#### TASK GOAL
Your task is to reproduce, verbatim and without pictures, the lines from the opening of the listing through the line containing "LZ Pack MOQ".

#### GIVEN INFORMATION
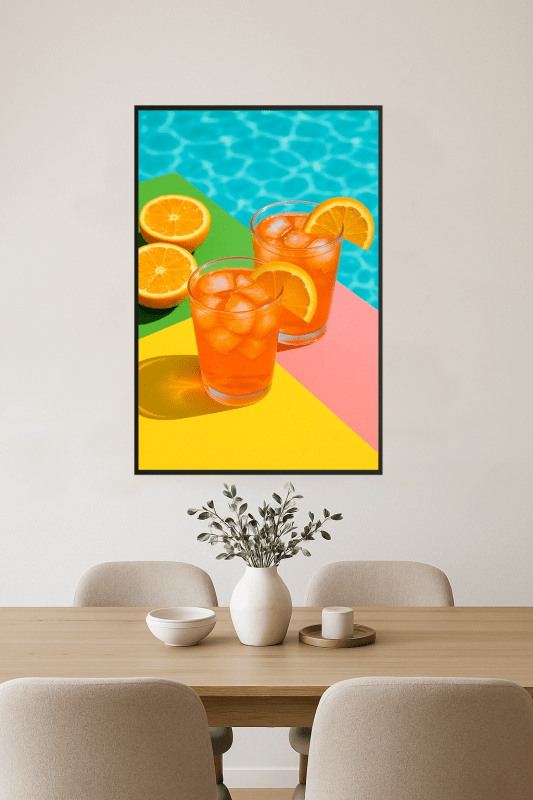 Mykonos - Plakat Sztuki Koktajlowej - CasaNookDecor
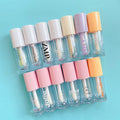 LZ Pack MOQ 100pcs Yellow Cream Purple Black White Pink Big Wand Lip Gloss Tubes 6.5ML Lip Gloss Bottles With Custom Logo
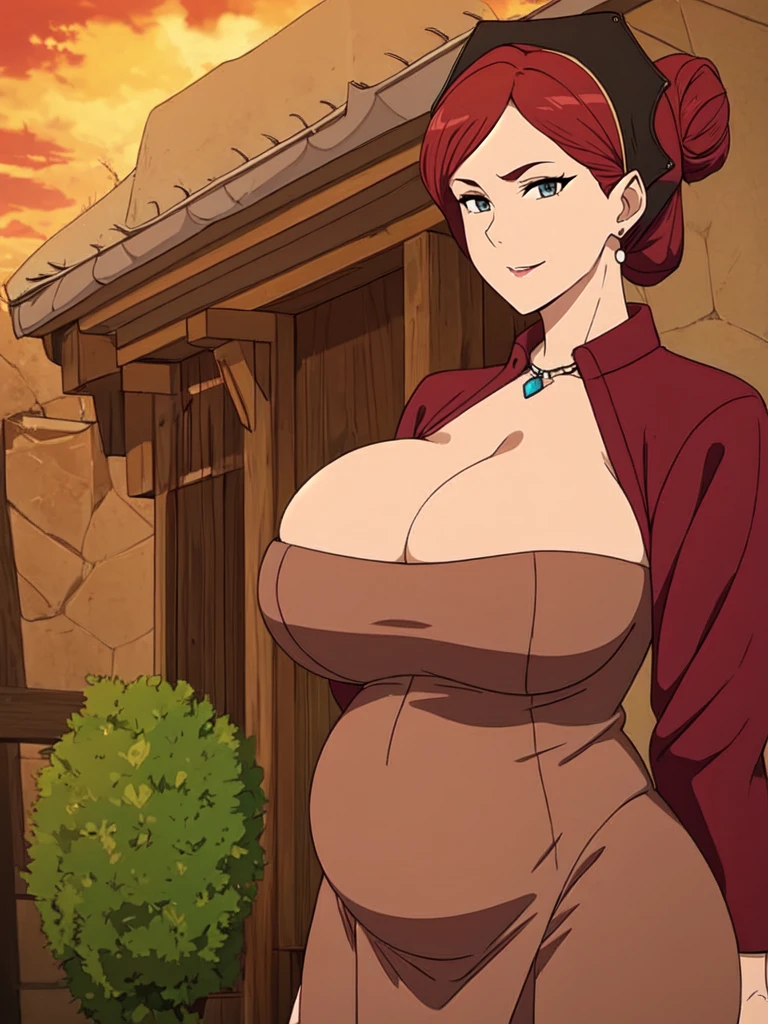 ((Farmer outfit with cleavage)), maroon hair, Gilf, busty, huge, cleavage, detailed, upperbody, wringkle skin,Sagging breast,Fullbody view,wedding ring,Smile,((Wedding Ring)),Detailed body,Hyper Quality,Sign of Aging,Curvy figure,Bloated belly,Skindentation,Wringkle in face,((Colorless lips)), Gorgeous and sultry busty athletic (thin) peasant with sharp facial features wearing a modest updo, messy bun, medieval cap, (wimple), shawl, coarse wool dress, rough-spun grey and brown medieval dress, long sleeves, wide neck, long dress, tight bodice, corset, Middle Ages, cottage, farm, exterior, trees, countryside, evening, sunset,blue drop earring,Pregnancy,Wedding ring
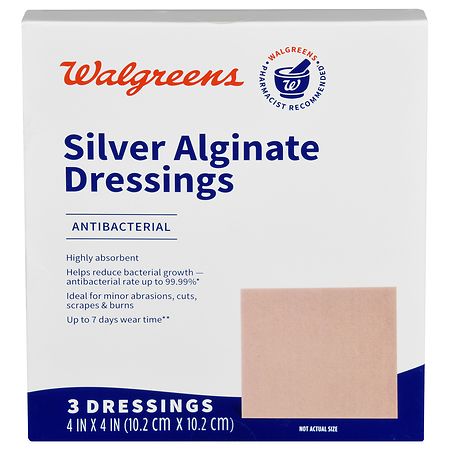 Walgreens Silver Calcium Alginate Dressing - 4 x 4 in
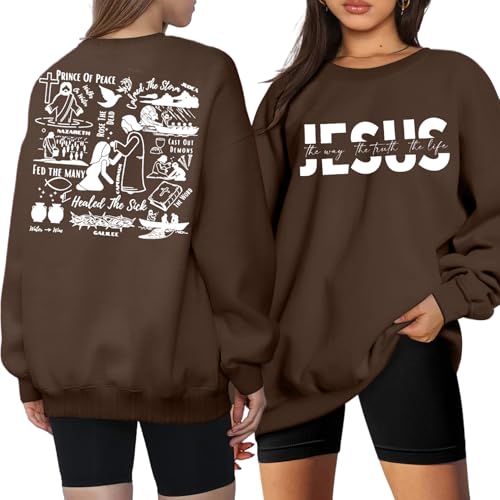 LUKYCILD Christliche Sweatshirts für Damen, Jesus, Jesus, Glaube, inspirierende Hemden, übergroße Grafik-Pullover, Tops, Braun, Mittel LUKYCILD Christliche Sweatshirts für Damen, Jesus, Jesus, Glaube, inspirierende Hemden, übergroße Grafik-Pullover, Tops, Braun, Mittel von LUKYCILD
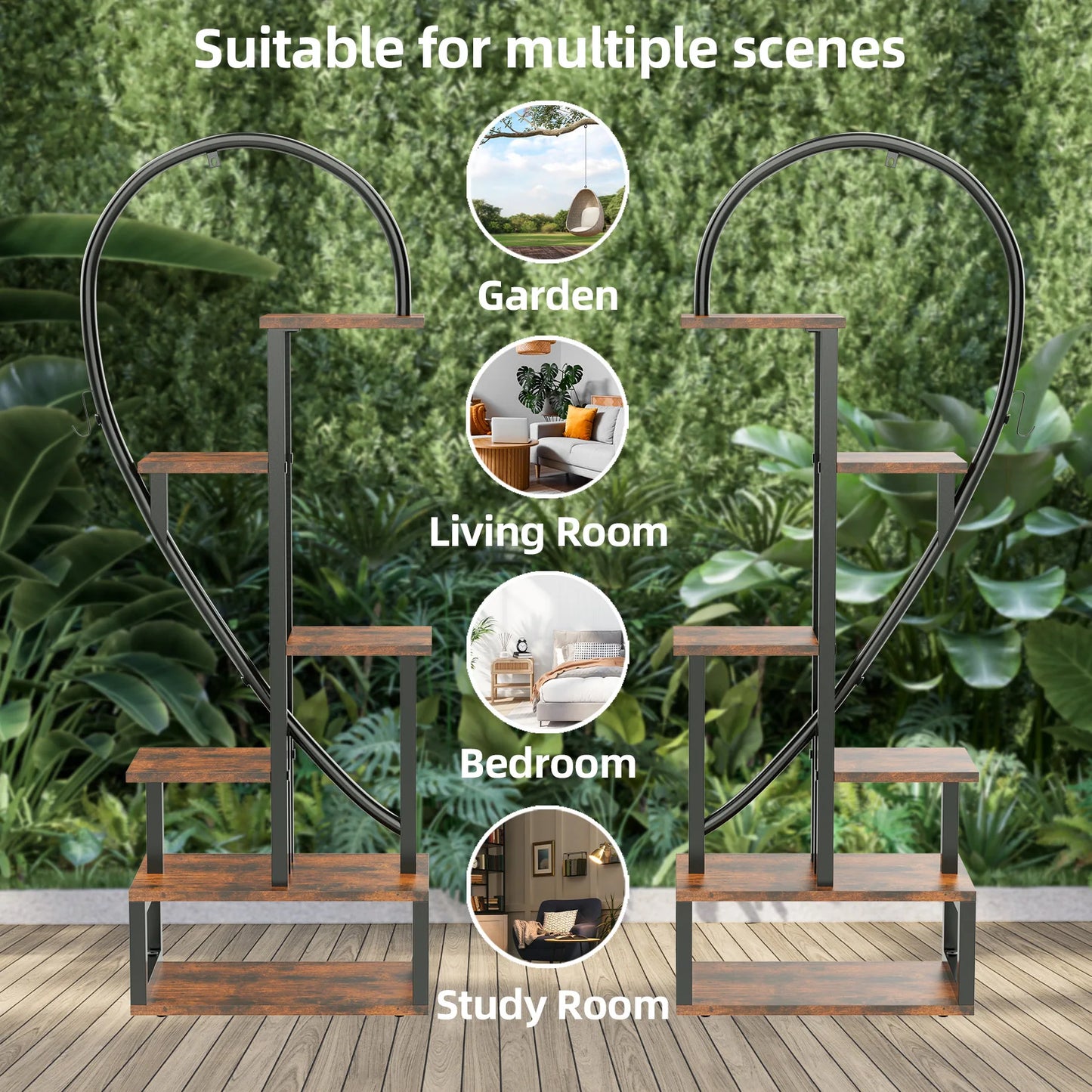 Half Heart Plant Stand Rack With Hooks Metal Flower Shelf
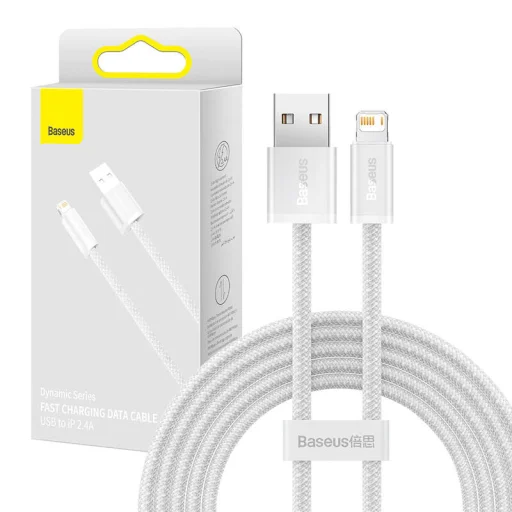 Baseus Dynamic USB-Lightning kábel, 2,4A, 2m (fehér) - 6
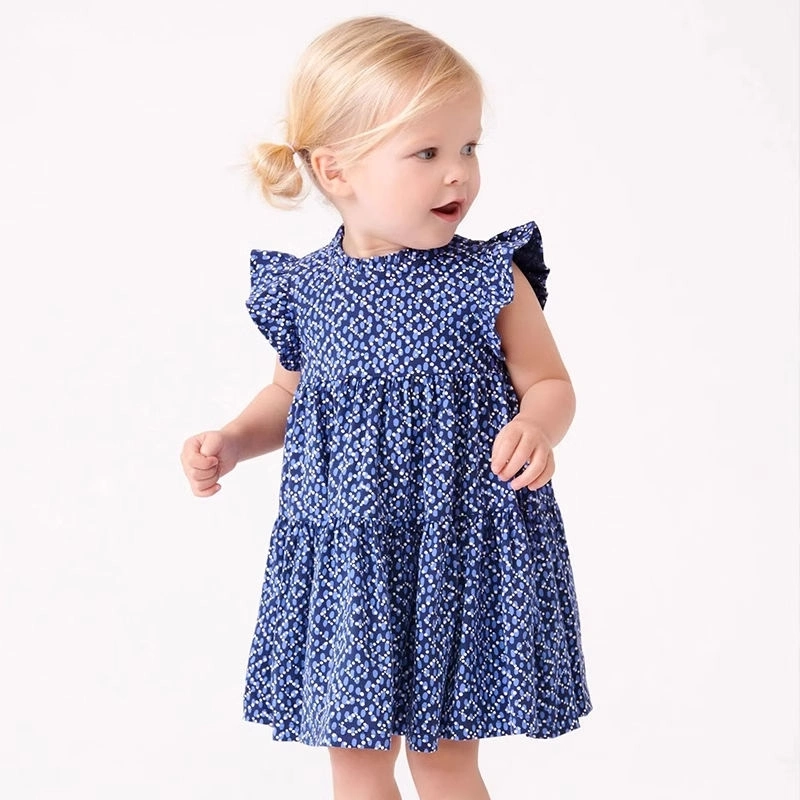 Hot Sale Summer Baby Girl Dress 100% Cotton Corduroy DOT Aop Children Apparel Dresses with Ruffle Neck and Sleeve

#### SOLUTION
 Mykonos - Plakat Sztuki Koktajlowej - CasaNookDecor
 LZ Pack MOQ 100pcs Yellow Cream Purple Black White Pink Big Wand Lip Gloss Tubes 6.5ML Lip Gloss Bottles With Custom Logo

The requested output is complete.